» Problem statement:
Lines from the top of the entries down to the line with "Dark Purple Cropped Sweater" must be set down exactly as they stand, with both ends retained.
[Stored data — start]
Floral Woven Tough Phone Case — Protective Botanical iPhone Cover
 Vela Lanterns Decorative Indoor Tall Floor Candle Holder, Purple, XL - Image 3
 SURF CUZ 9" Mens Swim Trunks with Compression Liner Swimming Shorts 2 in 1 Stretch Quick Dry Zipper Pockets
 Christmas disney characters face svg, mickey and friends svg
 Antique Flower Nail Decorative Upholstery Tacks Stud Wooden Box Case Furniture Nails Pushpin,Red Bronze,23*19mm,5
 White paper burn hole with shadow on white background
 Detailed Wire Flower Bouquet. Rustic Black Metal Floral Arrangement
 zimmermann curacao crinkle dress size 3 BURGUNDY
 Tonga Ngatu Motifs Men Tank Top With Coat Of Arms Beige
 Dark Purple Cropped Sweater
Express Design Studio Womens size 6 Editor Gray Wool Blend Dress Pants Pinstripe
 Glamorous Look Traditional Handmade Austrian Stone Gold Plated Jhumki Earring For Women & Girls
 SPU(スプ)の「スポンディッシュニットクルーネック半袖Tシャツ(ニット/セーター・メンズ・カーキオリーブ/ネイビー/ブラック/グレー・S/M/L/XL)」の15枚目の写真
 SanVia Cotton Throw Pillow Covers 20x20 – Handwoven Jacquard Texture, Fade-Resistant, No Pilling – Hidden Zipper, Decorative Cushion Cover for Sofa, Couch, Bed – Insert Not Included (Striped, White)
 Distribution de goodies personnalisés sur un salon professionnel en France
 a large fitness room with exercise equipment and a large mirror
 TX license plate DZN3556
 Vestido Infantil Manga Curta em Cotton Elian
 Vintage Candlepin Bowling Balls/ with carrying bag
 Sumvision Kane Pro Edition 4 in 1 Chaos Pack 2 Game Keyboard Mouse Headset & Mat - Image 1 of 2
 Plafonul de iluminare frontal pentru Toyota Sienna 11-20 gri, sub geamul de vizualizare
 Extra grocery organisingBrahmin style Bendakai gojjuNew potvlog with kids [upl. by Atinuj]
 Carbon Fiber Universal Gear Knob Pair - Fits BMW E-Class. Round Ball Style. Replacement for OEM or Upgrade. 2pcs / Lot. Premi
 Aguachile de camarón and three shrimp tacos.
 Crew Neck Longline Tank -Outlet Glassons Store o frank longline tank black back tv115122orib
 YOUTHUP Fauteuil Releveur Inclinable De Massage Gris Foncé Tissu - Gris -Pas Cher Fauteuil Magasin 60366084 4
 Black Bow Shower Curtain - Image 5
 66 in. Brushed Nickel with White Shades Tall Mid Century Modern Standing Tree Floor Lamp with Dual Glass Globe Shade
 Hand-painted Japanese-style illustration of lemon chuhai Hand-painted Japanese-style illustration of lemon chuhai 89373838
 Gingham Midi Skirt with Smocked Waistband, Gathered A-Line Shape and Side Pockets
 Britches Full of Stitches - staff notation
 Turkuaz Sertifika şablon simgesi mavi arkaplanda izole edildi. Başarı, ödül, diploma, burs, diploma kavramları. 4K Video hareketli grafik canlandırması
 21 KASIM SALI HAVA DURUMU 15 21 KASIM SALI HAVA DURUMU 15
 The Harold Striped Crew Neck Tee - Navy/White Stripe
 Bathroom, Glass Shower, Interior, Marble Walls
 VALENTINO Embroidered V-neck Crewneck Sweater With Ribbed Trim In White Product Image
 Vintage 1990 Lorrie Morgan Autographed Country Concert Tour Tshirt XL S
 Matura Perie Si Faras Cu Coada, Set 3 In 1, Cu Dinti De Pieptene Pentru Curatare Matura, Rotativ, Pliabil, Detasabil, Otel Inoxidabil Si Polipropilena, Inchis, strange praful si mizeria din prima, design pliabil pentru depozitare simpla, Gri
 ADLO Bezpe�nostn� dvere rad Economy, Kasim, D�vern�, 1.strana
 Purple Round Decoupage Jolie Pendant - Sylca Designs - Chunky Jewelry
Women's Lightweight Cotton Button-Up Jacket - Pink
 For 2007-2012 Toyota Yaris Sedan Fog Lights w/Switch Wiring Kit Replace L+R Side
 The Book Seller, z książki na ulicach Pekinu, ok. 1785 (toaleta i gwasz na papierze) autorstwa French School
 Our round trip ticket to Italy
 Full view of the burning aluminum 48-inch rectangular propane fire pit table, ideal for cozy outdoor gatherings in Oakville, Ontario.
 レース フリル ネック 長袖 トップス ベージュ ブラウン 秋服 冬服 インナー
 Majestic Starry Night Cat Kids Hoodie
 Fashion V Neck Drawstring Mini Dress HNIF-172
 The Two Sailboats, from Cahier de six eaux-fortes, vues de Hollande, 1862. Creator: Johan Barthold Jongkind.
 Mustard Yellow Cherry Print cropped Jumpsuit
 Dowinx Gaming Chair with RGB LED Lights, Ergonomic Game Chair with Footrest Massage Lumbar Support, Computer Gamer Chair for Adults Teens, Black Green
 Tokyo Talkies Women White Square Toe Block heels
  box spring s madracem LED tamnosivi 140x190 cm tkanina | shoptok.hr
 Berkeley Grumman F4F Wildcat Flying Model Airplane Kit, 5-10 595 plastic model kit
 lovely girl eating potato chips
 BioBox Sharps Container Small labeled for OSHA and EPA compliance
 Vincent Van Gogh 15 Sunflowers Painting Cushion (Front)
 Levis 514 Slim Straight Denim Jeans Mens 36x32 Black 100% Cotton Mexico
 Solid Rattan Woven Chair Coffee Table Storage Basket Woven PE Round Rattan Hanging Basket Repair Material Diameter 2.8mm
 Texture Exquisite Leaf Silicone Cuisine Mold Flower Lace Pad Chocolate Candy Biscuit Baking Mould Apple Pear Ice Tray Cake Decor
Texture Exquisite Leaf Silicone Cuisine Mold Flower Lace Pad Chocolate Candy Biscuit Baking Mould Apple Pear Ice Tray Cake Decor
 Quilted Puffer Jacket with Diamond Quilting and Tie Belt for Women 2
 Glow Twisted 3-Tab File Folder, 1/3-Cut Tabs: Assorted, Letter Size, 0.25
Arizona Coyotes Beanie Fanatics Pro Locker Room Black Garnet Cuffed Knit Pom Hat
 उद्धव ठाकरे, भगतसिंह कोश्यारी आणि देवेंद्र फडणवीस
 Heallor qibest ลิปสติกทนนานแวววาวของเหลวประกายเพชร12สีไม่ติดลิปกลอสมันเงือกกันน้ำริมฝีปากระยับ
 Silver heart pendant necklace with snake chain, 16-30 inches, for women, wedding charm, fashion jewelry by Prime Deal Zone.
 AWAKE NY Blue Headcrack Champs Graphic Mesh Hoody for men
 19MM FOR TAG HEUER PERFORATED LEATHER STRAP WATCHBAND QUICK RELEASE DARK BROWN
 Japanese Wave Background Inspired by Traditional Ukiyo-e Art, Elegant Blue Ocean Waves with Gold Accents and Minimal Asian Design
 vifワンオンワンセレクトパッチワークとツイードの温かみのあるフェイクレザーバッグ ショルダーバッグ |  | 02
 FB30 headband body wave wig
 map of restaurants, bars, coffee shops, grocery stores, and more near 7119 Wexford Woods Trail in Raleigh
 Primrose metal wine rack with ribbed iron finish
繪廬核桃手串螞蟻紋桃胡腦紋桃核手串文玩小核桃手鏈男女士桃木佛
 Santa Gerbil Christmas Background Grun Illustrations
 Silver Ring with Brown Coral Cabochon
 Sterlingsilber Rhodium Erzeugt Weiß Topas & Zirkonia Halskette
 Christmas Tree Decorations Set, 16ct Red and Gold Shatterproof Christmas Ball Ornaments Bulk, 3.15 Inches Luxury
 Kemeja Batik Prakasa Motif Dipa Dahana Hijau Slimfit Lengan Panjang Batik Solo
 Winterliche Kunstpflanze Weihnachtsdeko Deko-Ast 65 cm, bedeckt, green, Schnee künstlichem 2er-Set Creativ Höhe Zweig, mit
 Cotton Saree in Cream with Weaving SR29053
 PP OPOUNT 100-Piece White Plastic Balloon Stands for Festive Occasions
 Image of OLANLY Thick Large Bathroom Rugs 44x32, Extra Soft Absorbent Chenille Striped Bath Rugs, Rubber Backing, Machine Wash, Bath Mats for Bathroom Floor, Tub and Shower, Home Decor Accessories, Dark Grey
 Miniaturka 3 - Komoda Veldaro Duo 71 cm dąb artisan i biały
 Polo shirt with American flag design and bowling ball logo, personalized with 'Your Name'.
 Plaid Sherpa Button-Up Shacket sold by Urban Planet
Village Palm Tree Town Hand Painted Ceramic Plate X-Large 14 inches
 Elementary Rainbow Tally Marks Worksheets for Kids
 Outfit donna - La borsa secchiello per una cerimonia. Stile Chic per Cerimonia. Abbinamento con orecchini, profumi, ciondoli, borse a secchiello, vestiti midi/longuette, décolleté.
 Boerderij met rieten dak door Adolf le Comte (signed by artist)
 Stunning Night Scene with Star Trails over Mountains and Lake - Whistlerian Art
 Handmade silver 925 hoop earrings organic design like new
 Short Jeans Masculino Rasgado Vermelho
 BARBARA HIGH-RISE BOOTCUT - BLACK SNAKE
[Stored data — finish]
» Exercise output:
Floral Woven Tough Phone Case — Protective Botanical iPhone Cover
 Vela Lanterns Decorative Indoor Tall Floor Candle Holder, Purple, XL - Image 3
 SURF CUZ 9" Mens Swim Trunks with Compression Liner Swimming Shorts 2 in 1 Stretch Quick Dry Zipper Pockets
 Christmas disney characters face svg, mickey and friends svg
 Antique Flower Nail Decorative Upholstery Tacks Stud Wooden Box Case Furniture Nails Pushpin,Red Bronze,23*19mm,5
 White paper burn hole with shadow on white background
 Detailed Wire Flower Bouquet. Rustic Black Metal Floral Arrangement
 zimmermann curacao crinkle dress size 3 BURGUNDY
 Tonga Ngatu Motifs Men Tank Top With Coat Of Arms Beige
 Dark Purple Cropped Sweater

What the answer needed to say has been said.